International Herald Tribune Editorial - Don't veto, don't obey

International Herald Tribune Editorial - Don't veto, don't obey
Copyright by The International Herald Tribune
Published: June 22, 2007


President George W. Bush is notorious for issuing statements taking exception to hundreds of bills as he signs them. This week, we learned that in a shocking number of cases, the Bush administration has refused to enact those laws. Congress should use its powers to insist that its laws are obeyed.

The Government Accountability Office, a nonpartisan arm of Congress, investigated 19 provisions to which Bush objected. It found that six of them, or nearly a third, have not been implemented as the law requires. The GAO did not investigate some of the most infamous signing statements, like the challenge to a ban on torture. But the ones it looked into are disturbing enough.

In one case, Congress directed the Pentagon in its 2007 budget request to account separately for the cost of military operations in Iraq and Afghanistan. It was a perfectly appropriate request, but Bush issued a signing statement critical of the rule, and the Pentagon withheld the information. In two other cases, federal agencies ignored laws requiring them to get permission from congressional committees before taking particular actions.

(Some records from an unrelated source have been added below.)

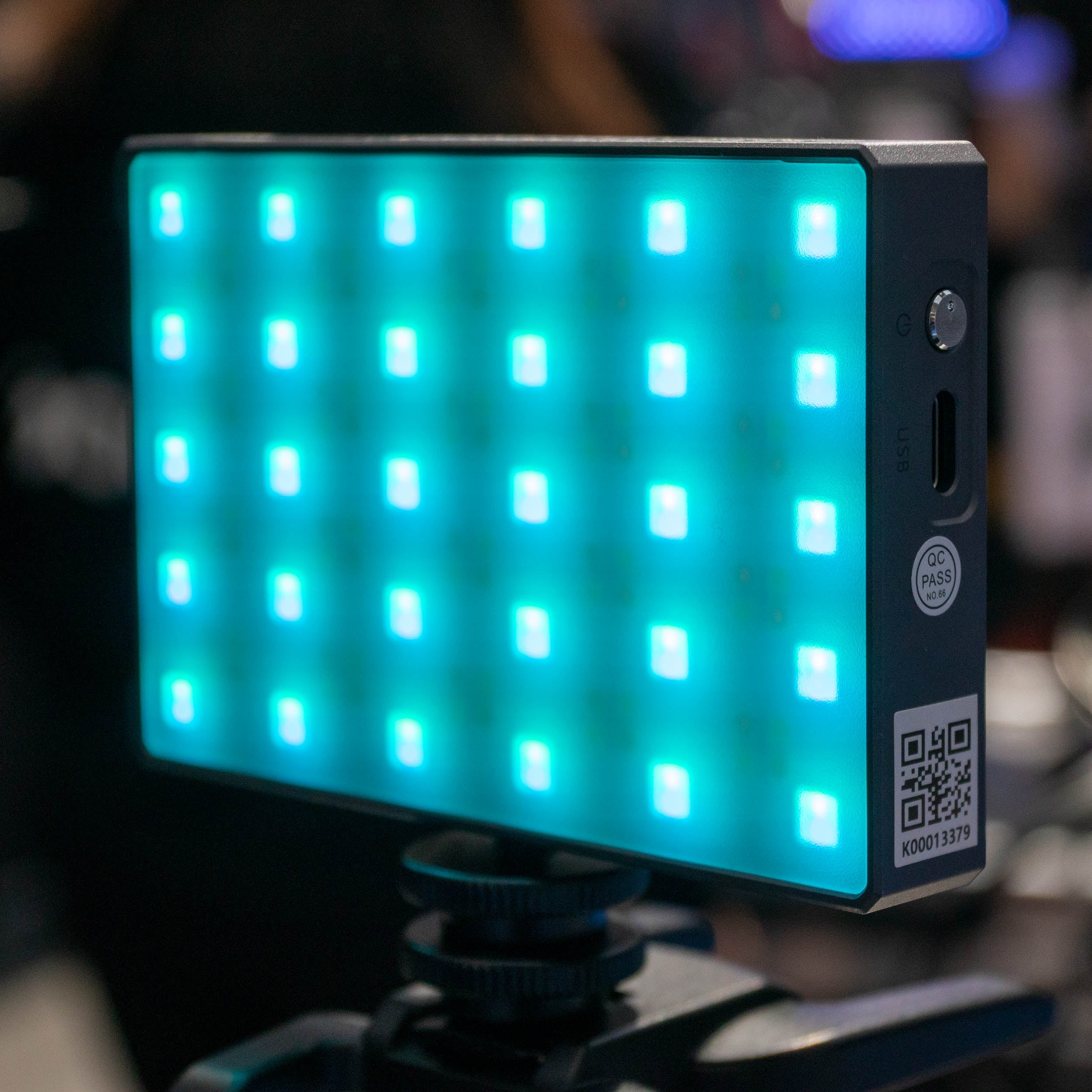 KNOWLED C5R Portable RGBWW LED Panel with Rechargeable Battery - Perfect for Photography, Video Lighting, and Home Decoration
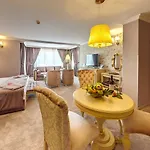 Hotel Rich 5*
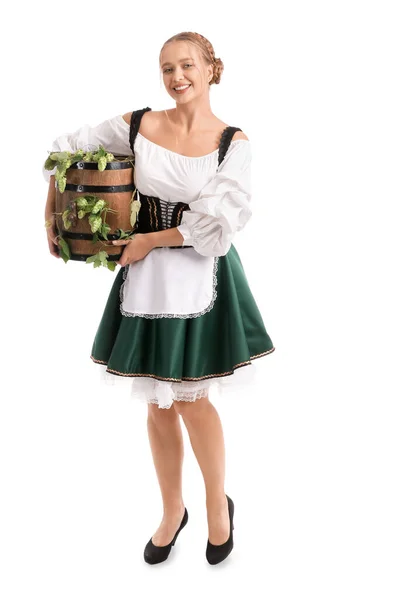 穿着德国传统服装 背景为白色的啤酒桶的漂亮女人 — 图库照片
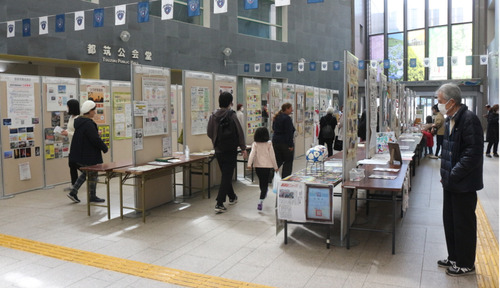 活動紹介のパネルを見る来場者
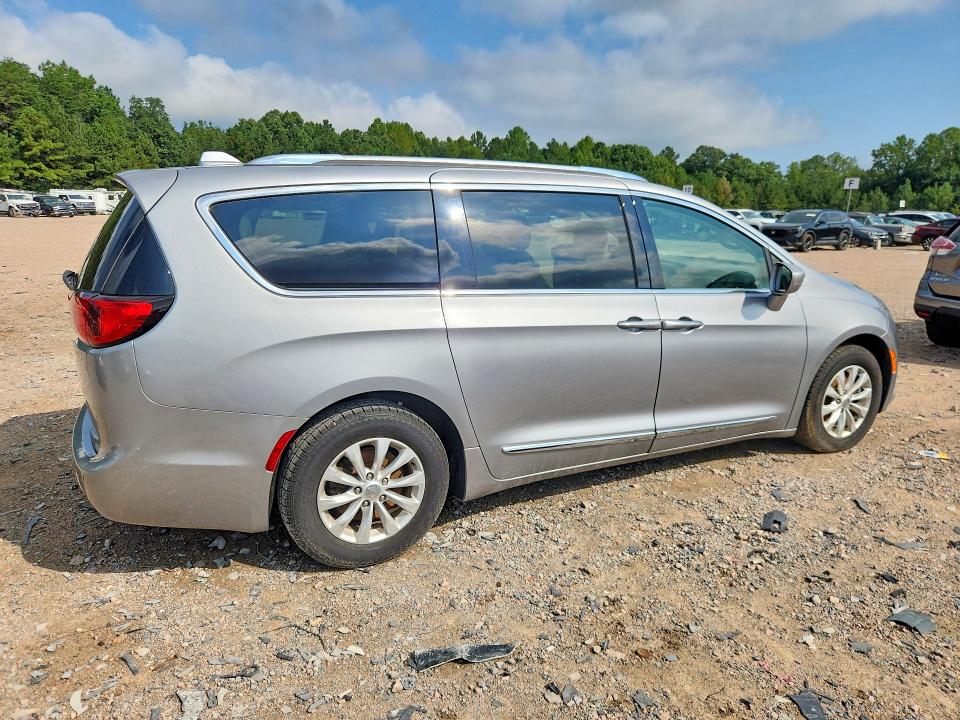 Photo 3 from auction – 2019 CHRYSLER PACIFICA with VIN 2C4RC1BG2KR626740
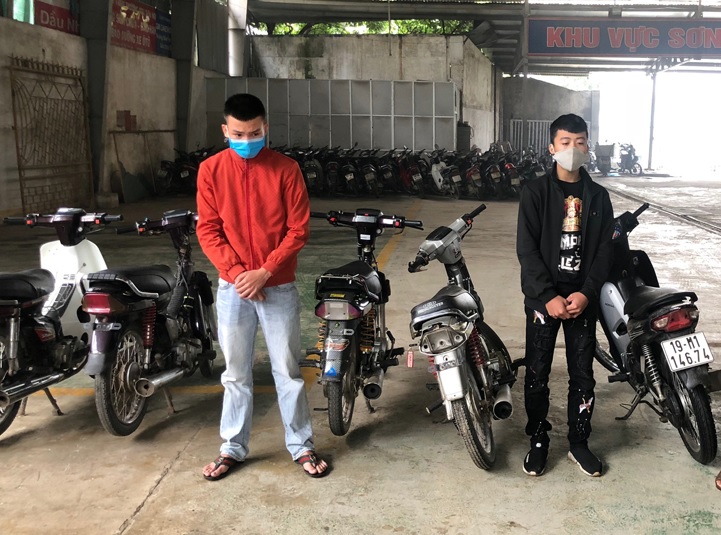 Vây bắt hơn 100 “quái xế” bốc đầu, lạng lách, đánh võng giữa phố

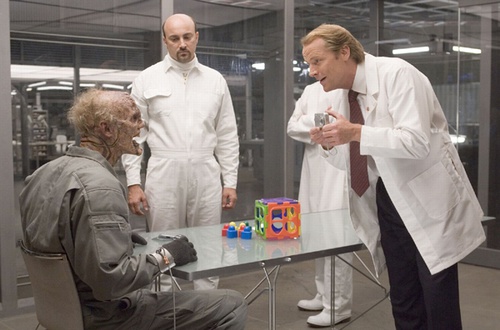 iain glen a droite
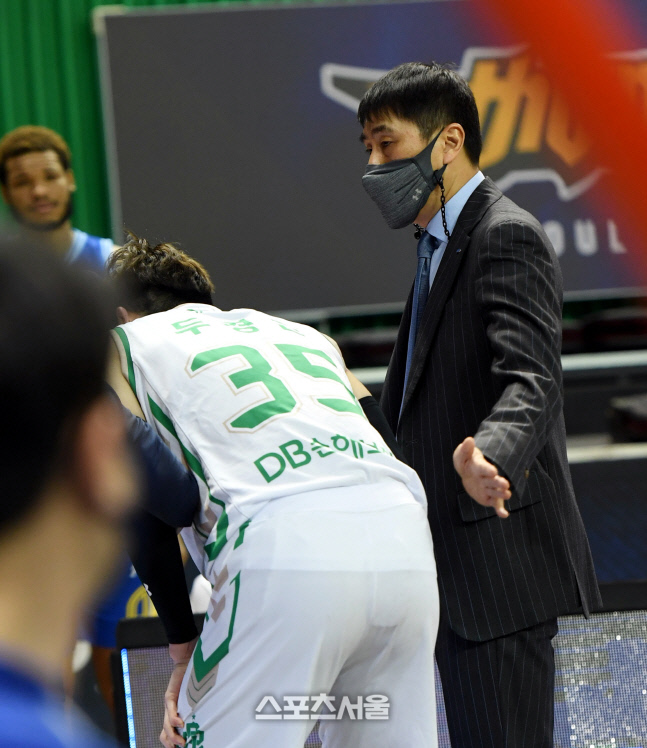 [포토] 이상민 감독 '괜찮아?'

The Bush administration's disregard for these laws is part of its extraordinary theory of the "unitary executive." The administration asserts that the president has the sole authority to supervise and direct executive officers, and that Congress and the courts cannot interfere. This theory has no support in American history or the Constitution, and is a formula for autocracy.

Other presidents have issued signing statements, but none has issued as many, or done so with the same contemptuous attitude toward the co-equal branches of government. The GAO report makes clear that Bush's signing statements were virtually written instructions to executive agencies to flout acts of Congress.

Congress has a variety of methods available to make the administration obey the law, including the power of the purse. When the Bush presidency ends, there will be a great deal of damage to repair, much of it to the Constitutional system. Congress should begin now to restore the principle that even the president and those who work for him are not above the law.